Normally, I reserve my weekends for work around the house, or for creek and landscape restoration projects. This weekend, writing called me instead.
(The photo above shows Ditch Creek, my restoration project, right below my house. The shrub with the scarlet stems in the foreground was a seedling when Richard and I planted it 18 years ago. Now it shades the creek, nurturing aquatic insects and providing food for songbirds.)
So I spent yesterday afternoon and much of today at my laptop, working on parts of the submission package for my memoir, Bless the Birds, which I hope will go out to prospective publishers next month.
The hardest part of the package for me is the "pitch," the teaser that will–if I get it right–hook an editor so that they are eager to read the manuscript. A pitch isn't a summary, but it does need to give a sense of the writing and the story. It also needs to explain why the book matters.
Did I mention it should be short? Several paragraphs is best, certainly less than a page. (Not Faulknerian paragraphs either!)
What works for me is to step back–way back–and focus on the essentials about the book: why it matters and what makes it unique. Those two form the heart of the elevator speech, the one or two sentences you would use to explain the project to an editor you happened to meet in an elevator, in the moment it takes to go between floors.
Here's my elevator speech, which you'll notice draws on the second sentence of the pitch and the last:
My memoir, Bless the Birds, illuminates a conversation that hasn’t been given sufficient national attention—how we die is part of how we live. At heart, Bless the Birds is a love story, an intimate, sometimes funny and unflinching tale of the choice to love life—every moment, no matter how painful—through the end.

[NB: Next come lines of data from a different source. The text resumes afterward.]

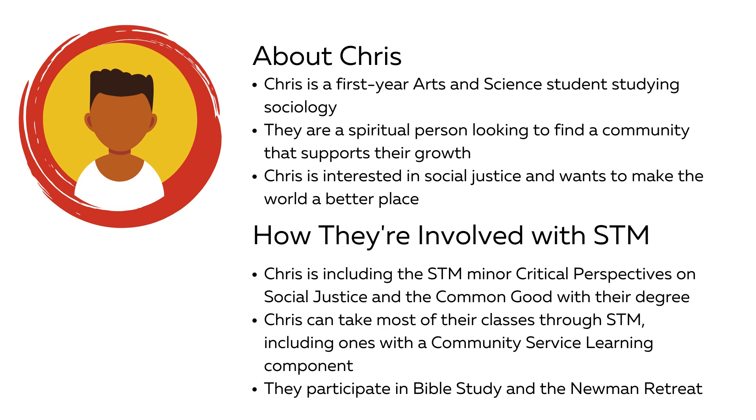Chris is a first-year arts and science student who knows that they want to make the world a better place. Because of their interest in social justice, they're combining the critical perspectives on social justice and the common good minor with their sociology major. The minor is one of the unique programs offered through STM. Chris is happy that many of their required humanities and social science courses are offered through STM, as many of their favourite profs teach there. Some of Chris's classes have a community service learning option, meaning students get to work with community partners to deepen their understanding of course content while helping others. This experiential learning often replaces other assignments, like papers. Chris likes that they don't have to wait until their degree is complete before they can start making a difference.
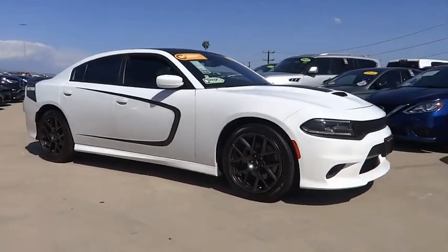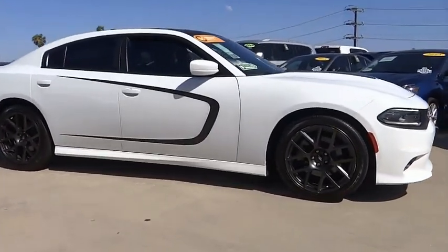If you like it online, you'll love it in your driveway. Take it for a spin today.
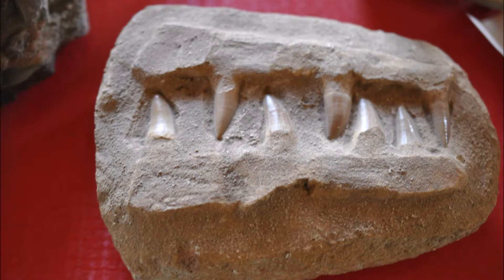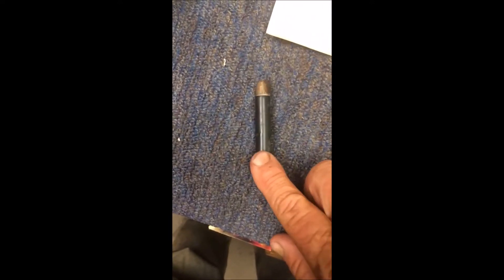How old do you think this fossil is, and what is it? This is a bullet that was found by my son in Montana on our Milk River ranch. How old do you think this bullet is, when was it made, who made it, where was it made, and what caliber is it?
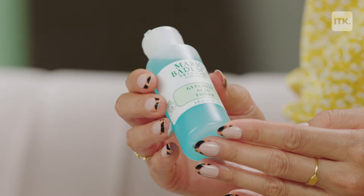Hello, everyone. Welcome to You Need This. I'm Melanie. It's your girl Darlene here. And today we are talking about the Mario Badescu Anti-Aging Regimen Kit.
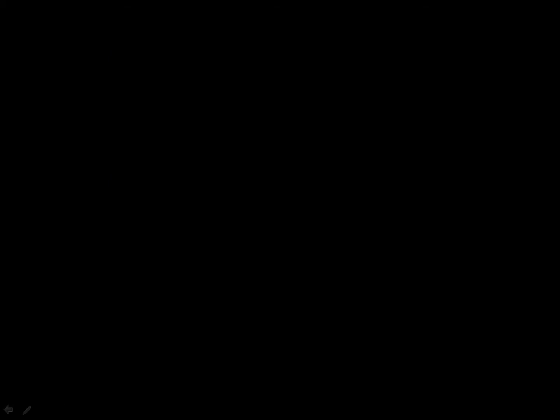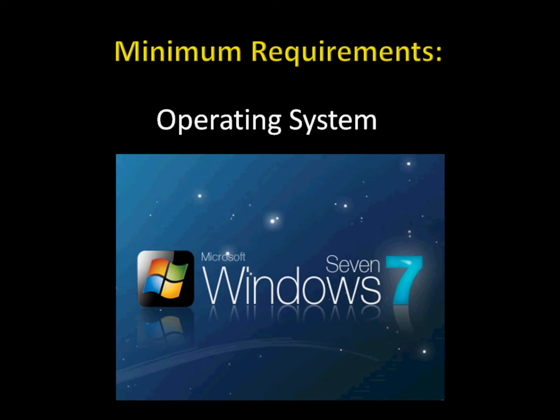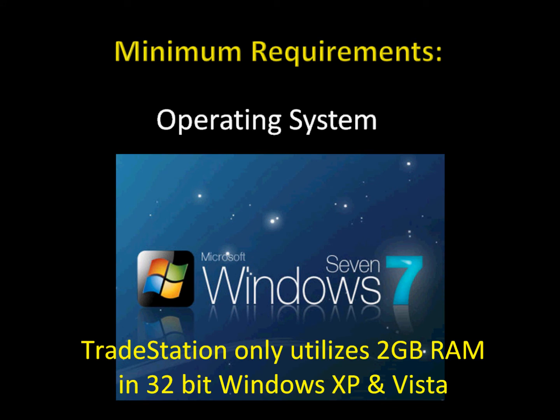For your operating system, as much as you may not want to hear this, Windows 7 64-bit is now the benchmark. If you are running on Windows XP, you are becoming a dinosaur. Do you realize that XP came out in 2001? 95% of people running XP and Vista are only running 32-bit editions, which means their computer is only recognizing 3 gigabytes of RAM, even if you have more installed. And you're also going to have that slippage problem.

Here's the draft pitch itself. Let me know what you think!
For a memoir to be successful in today's competitive environment, it needs to either contribute to an existing national conversation or initiate a new conversation. I believe Bless the Birds illuminates a conversation that hasn’t been given sufficient national attention—how we die is part of how we live. That conversation applies at the personal level—we will all lose someone close to us, and we will all wrestle with how we choose to live out the end of our own lives. It applies to our culture and customs, and even to our national economy and the enormous cost in time and dollars of end-of-life care.
We shy away from even talking about death, using various euphemisms: We "pass away," "meet our end," "lose our life," or even "cross the great divide." We spend a great deal of energy and billions of dollars denying that it will happen to us—but we’re all going there. Death and dying is the next big issue for nearly 40 percent of our nation’s population, the 76 million Americans who are Baby Boomers. Will they be the generation that reshapes how we die as they have reshaped how we work, love and live? I hope so, because all of us certainly need practice learning to accept and integrate what the poet Rainer Maria Rilke called “life’s other half.”

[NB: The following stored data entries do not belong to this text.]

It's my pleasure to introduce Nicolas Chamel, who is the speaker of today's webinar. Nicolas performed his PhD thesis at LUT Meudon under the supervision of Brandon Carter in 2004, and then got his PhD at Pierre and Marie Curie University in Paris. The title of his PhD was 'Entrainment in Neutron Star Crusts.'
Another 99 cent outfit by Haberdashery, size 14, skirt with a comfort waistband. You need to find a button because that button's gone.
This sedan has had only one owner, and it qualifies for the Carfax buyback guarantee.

In late summer of 2009, my husband Richard, an economics professor just finding success in a second career as an abstract sculptor, woke one Sunday morning and saw thousands of birds. Birds lining every barbwire fence, birds perched cheek-to-wing on powerlines; tiny birds on each blade of grass, huge birds on the rim of distant mesas. Birds that existed only in his brilliant mind. Those bird hallucinations lasted just 24 hours and were the only significant sign of something growing in his brain. That “something,” we eventually learned, was a glioblastoma, the most deadly form of brain cancer.
Bless the Birds follows our journey through the two-plus years Richard lived with brain cancer, a journey we were determined to live well, mindful of our choices and with a great deal of love. We weren’t perfect—if we humans were perfect, we couldn’t stumble and fail and thus learn and grow. Which Richard and I did a lot of. What carried us through four brain surgeries, a course of radiation, two courses of chemo and innumerable MRIs and other tests and procedures, through the shock and anger and grief, the insights and grace, the pain and laughter and ultimately, through our parting, was love. Love for each other and our family, for the village of friends who sheltered us, and for the earth and its whole extended community of lives, the miracle that quickens our existence on this blue planet. At heart, Bless the Birds is a love story, an intimate and unflinching tale of the choice to love life—every moment, no matter how painful—through the end.
The story's dedicated to this guy, Richard Cabe, smiling at the camera in November of 2009 after his first brain surgery, smiling even though he knew he had brain cancer, smiling because he loved life wholly and thoroughly. Always.